Witamy wszystkich w grudniu Przypominam, że to grudzień 2020 haha
W Tatrach już nas nie ma, tam w końcu zima zadomowiła się, mam nadzieję, na dobre
Ostatnie foty z naszego pożegnalnego dnia – Dolina Białej Wody. Miejsce, gdzie niejednokrotnie gościłem z dziabami, żeby poużywać sobie na wylewających tam lodospadach. Tym razem z całą rodziną. Ludzi jak na lekarstwo – większość ciągnie do Morskiego Oka na schabowego i piwko W tym samym czasie w Białej Wodzie pustki. Minęło nas dosłownie może ze 20 osób. Słońce choć chciało, jednak nie dało rady, przebić się przez gęste chmury, a na koniec dnia w dodatku zaczęło padać. Jeżeli zabierzecie ze sobą termos gorącej herbaty i coś na ząb, to na trasie znajduje się kilka drewnianych wiat, gdzie można zrelaksować się, zjeść i rozkoszować widokiem na m.in. Młynarza i Rysy.
Myśleliśmy, żeby jeszcze kilka dni posiedzieć w Tatrach, jednak bardzo kusiła nas opcja #2. Otóż w drodze powrotnej na północ mieliśmy odwiedzić dziadków, którzy bardzo chętnie zgodzili się przygarnąć na kilka dni wnuki! Tak więc perspektywa 5 dni na Podlasiu, sam na sam, pierwszy raz od 5 lat wygrała. Spakowaliśmy sprzęty i ruszyliśmy.

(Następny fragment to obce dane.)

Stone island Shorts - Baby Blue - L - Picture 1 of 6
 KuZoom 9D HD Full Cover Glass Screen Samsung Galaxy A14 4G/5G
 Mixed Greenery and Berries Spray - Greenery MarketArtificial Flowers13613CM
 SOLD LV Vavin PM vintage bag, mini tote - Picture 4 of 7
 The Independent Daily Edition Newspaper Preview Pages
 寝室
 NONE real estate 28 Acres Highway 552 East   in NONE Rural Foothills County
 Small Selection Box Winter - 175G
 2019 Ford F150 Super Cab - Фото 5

Czy trzeba komuś reklamować Podlasie? Jeżeli lubicie zatopić się w naturę, oderwać od miast, zasięgu telefonii komórkowej, poznać ciekawych ludzi, to jest to miejsce wręcz wymarzone. Dzikości i głuszy jest tu więcej niż w Beskidzie Niskim czy w Bieszczadach. To moja druga wizyta w tym rejonie. I przez te 10 lat dużo się zmieniło, ale o tym później.